Less than 600 of the space agency's 18,000 employees will continue working if a government shutdown does occur, NASA officials explained in the plan submitted to the Office of Management and Budget.
"To protect the life of the crew as well as the assets themselves, we would continue to support planned operations of the ISS [space station] during any funding hiatus," the NASA plan states. "Moreover, NASA will be closely monitoring the impact of an extended shutdown to determine if crew transportation or cargo resupply services are required to mitigate imminent threats to life and property on the ISS or other areas."
According to the plan, satellites and spacecraft currently in space will be maintained, though measurements, amazing photos and other data will have to be safeguarded for the duration of the shutdown. But spacecraft and satellites that have not yet been launched would likely be grounded or have work stop on those projects.
"The extent of support necessary and the time needed to safely cease project activities will depend on whether any of the activities are of a hazardous nature (e.g., parts of the satellite may need to be cooled)," NASA's shutdown plan states.

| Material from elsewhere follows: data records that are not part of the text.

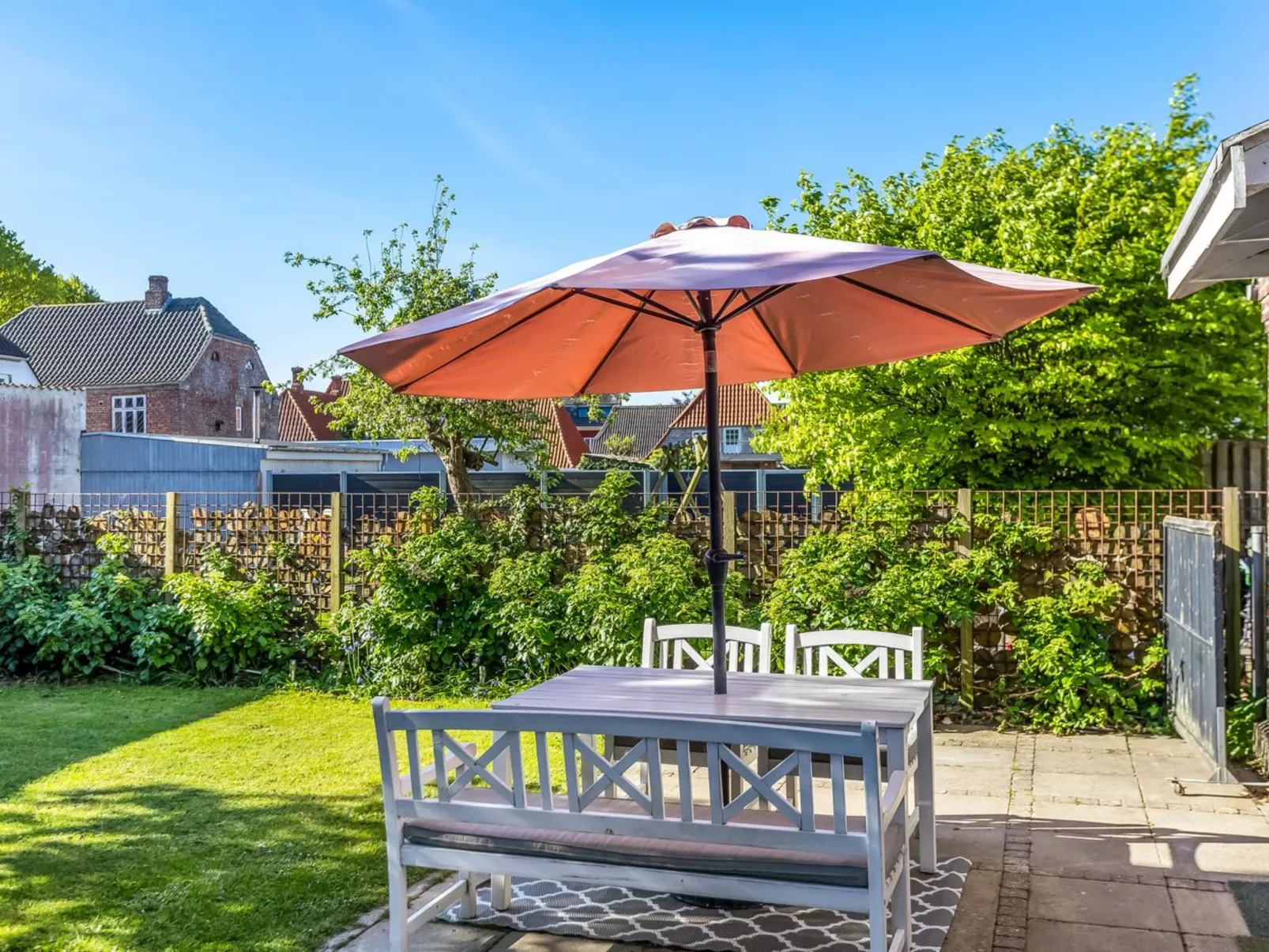 "Elma" - 24km from the sea-Draußen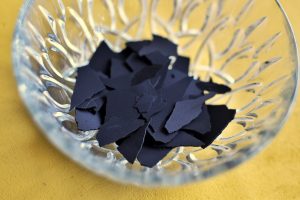 faire un objet deco effet terrazzo avec de la jesmonite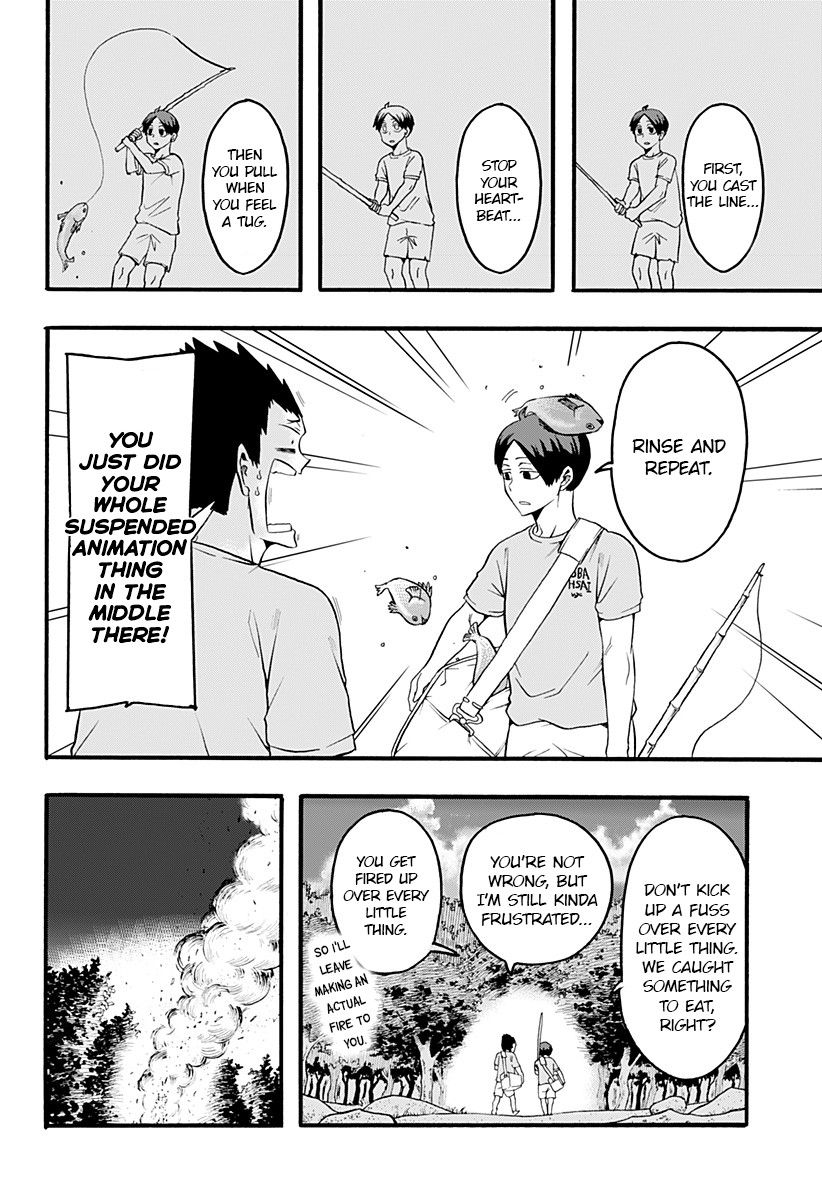 Haikyuu-bu!! Chapter 16 page 8 - Chapter 16: The Seijou Castaway Log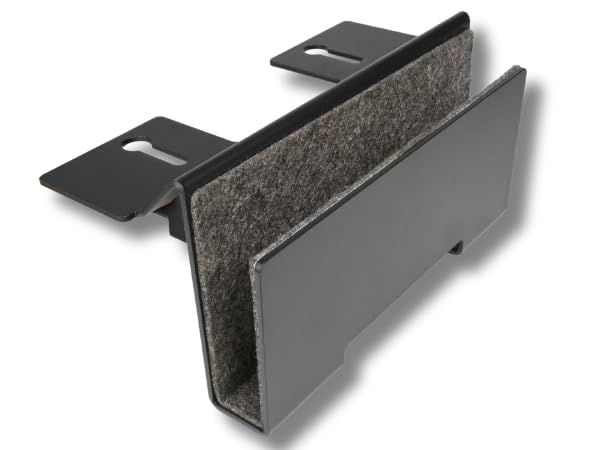 Woodmate 縦置きノートPCトレイ デスクシェルフ アクセサリー モニター台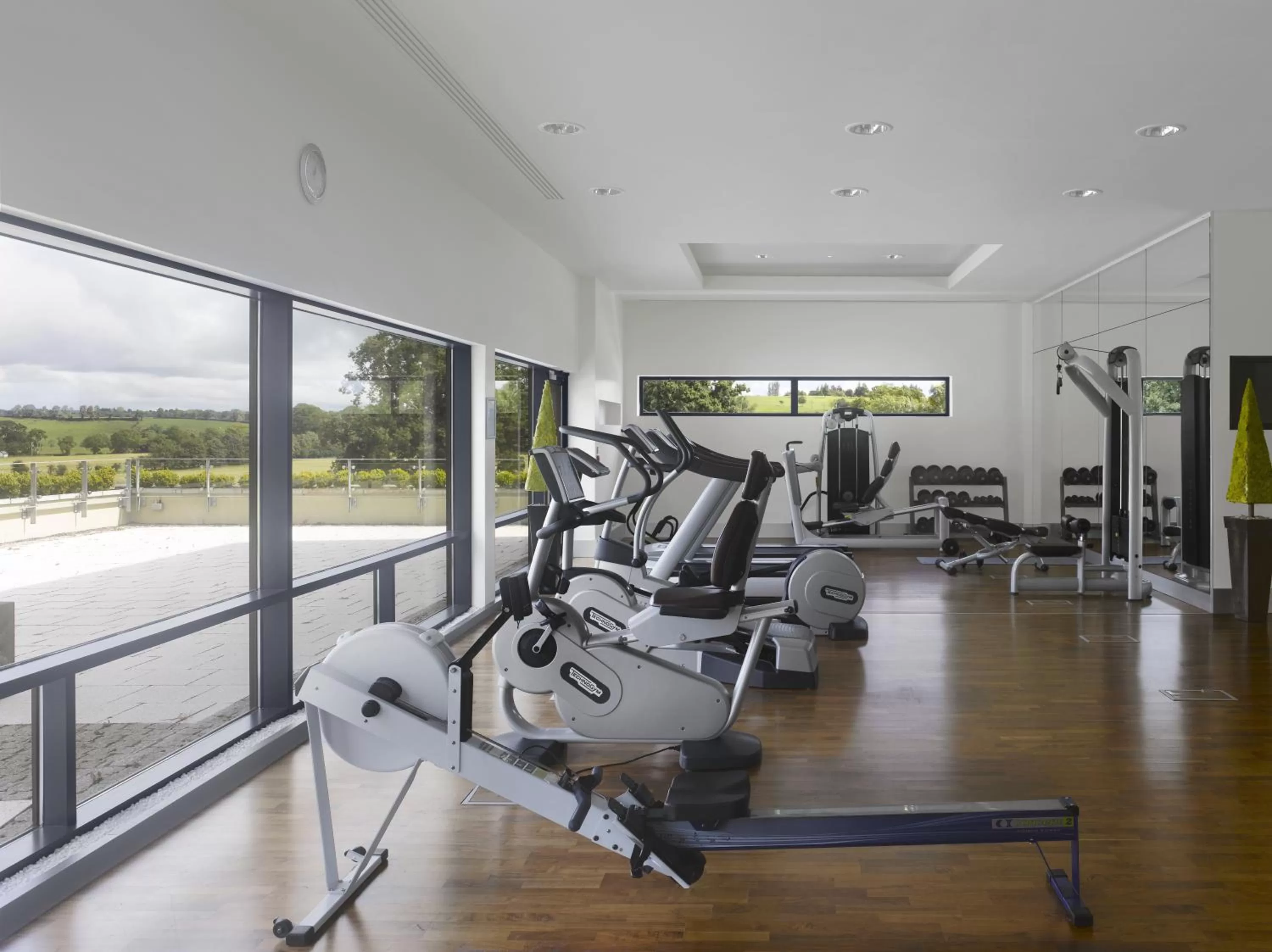 Fitness centre/facilities in Farnham Estate Spa and Golf Resort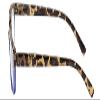 SAV Eyewear (Select-A-Vision) VK Couture Fashion Square Reading Glasses 1301 Purple Brown Demi, 1.75 view 3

NASA currently has a fleet of active spacecraft and rovers exploring different parts of the solar system and beyond. Many satellites are orbiting the Earth to study our home planet, while other probes orbit the moon, Mercury, Mars and Saturn. NASA's Mars rover Curiosity and the smaller Opportunity rover are driving across the Martian surface.
Still more spacecraft, like the Hubble Space Telescope and Spitzer Space Telescope, are peering deep into the universe, while other observatories, like the Solar Dynamics Observatory, study the sun.
Other spacecraft are simply in transit, in the gulf between planets. NASA's New Horizons spacecraft is streaking through the outer solar system for a planned July 2015 flyby of Pluto. It launched in 2006.
NASA's Juno spacecraft, meanwhile, has covered half of the distance it will travel on its mission to Jupiter. The probe launched in August 2011 and is expected to fly by Earth on Oct. 9 to grab a speed boost for the rest of its journey to Jupiter. Juno is due to arrive at Jupiter in July 2016 to study the planet in unprecedented detail.
And then there is Voyager 1, the farthest manmade spacecraft in history. Voyager 1 is hurtling through interstellar space far from the political squabbles surrounding Tuesday's looming government shutdown. It entered interstellar space in August 2012 and is now 11.7 billion miles (18.8 billion kilometers) from Earth.
"NASA Hit by Government Shutdown"
October 1st, 2013
Happy birthday, NASA. Now take today off. It may be the first of many such days, thanks to the federal government shutdown.
As NASA celebrates the 55th anniversary of the start of its formal operations on October 1, 1958, roughly 97 percent of its workers are out on furlough today. They join thousands of other federal employees facing furloughs, with possible lost pay, due to the U.S. government shutdown resulting from Congress failing to approve a budget for federal agencies.
At the high-profile space agency, mentioned by President Barack Obama in a Monday speech warning of the consequences of the stop in federal activities, the effects have been quickly felt. Websites for most of the agency's centers have become unavailable (except the site for the Jet Propulsion Laboratory in Pasadena, California, apparently), NASA alerts of dangerous asteroids have halted, and the November 18 launch of the MAVEN space mission to Mars may be delayed.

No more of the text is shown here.